Meanwhile, Georgia Power’s sister company in Mississippi is stopping work on a different ambitious project: To build a plant that turns coal into gas before burning it. Plant Kemper has cost more than $7 billion, and now, at the direction of Mississippi regulators, Mississippi Power will just burn natural gas at the plant.

Still, Southern Company can withstand two projects with problems, said Mike Haggarty, associate managing director at Moody’s Investors Service.

“They have several other utilities, and they’re based not only in the Southeast.
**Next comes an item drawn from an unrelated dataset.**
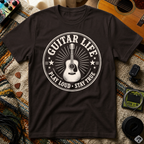 Guitar Life Play Loud Stay True T-Shirt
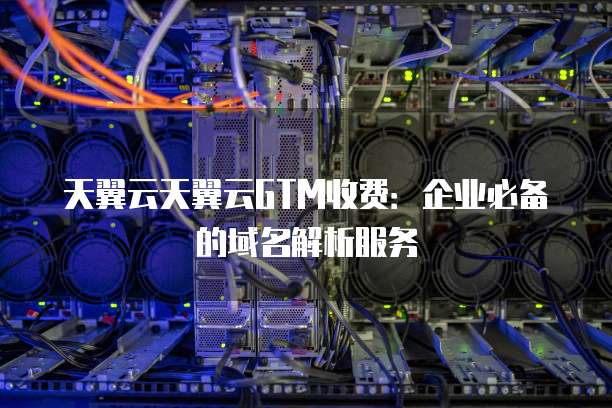 天翼云天翼云GTM收费:企业必备的域名解析服务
They also have gas utilities in other parts of the country,” he said. “They’re a big diverse organization, so they have been able to withstand the adverse developments at two of their utilities, but clearly it’s a concern to investors.”

There have been delays and cost overruns at both the Mississippi and the Georgia facilities, but low natural gas prices have made the projects – meant to be innovative — less competitive. And that’s not Southern Company’s fault, said Christine Tezak managing director of research at ClearView Energy Partners.

“If natural gas prices had gone to $8 and stayed there, these projects would look so much more economically sensible. And I think that that’s part of what we’re dealing with, is if you’re looking at $3 to $4 gas, the landscape is different,” she said.

Georgia Power has said it will complete an analysis on the future of the nuclear expansion at Plant Vogtle in August.

Last month, a Georgia regulator floated the idea to have Georgia Power stop charging ratepayers for construction costs at Vogtle, but according to the Atlanta Journal-Constitution, the attorney general’s office said that plan is not legal.